__Your goal__
From the first line to the last, restate the material word for word, omitting pictures.

═══ Data extract

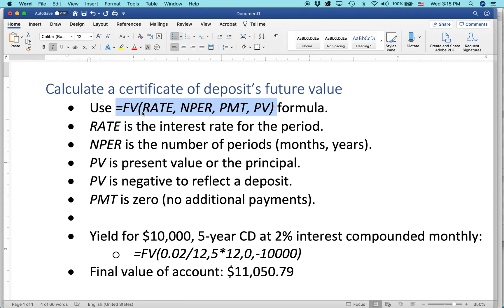Inside the parentheses are the arguments. Rate is the interest rate for the period — that might be monthly or annually. Nper is the number of periods — that could be the number of months or the number of years in the certificate. PV is the present value or the principal. PV is usually negative to reflect that it's a deposit, from your point of view. And payment is zero because there are no extra payments during the life of this particular CD — though if you did have a situation where you're adding to the loan, you could add money there.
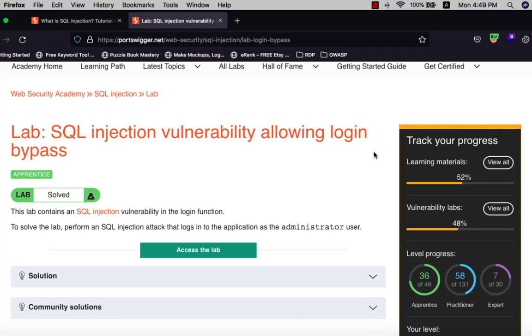Hi guys, this is boy Binke. I'm back for another video. Today I will show you how to solve the lab SQL injection vulnerability allowing login bypass.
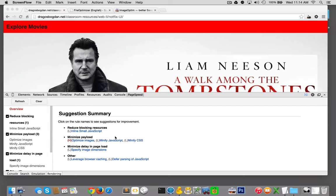According to DevTools, the highest priority, highest impact improvement I could make in the loading of my page is to optimize my images.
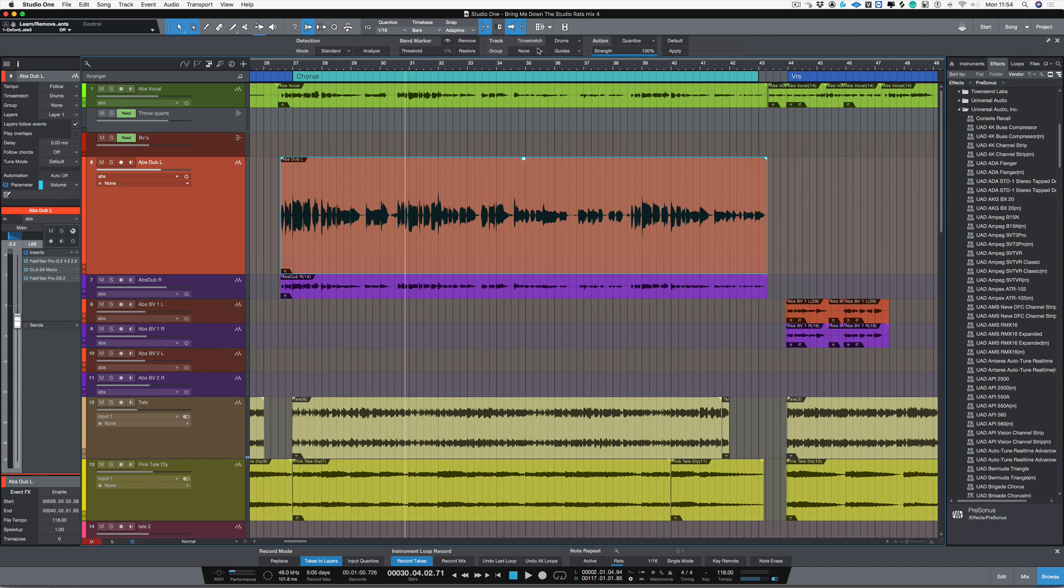Hi, I'm Paul from Production Expert. In this series of videos, we're looking at how to produce some double track vocals in Studio One.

══════

__Exercise answer__
Inside the parentheses are the arguments. Rate is the interest rate for the period — that might be monthly or annually. Nper is the number of periods — that could be the number of months or the number of years in the certificate. PV is the present value or the principal. PV is usually negative to reflect that it's a deposit, from your point of view. And payment is zero because there are no extra payments during the life of this particular CD — though if you did have a situation where you're adding to the loan, you could add money there.
Hi guys, this is boy Binke. I'm back for another video. Today I will show you how to solve the lab SQL injection vulnerability allowing login bypass.
According to DevTools, the highest priority, highest impact improvement I could make in the loading of my page is to optimize my images.
Hi, I'm Paul from Production Expert. In this series of videos, we're looking at how to produce some double track vocals in Studio One.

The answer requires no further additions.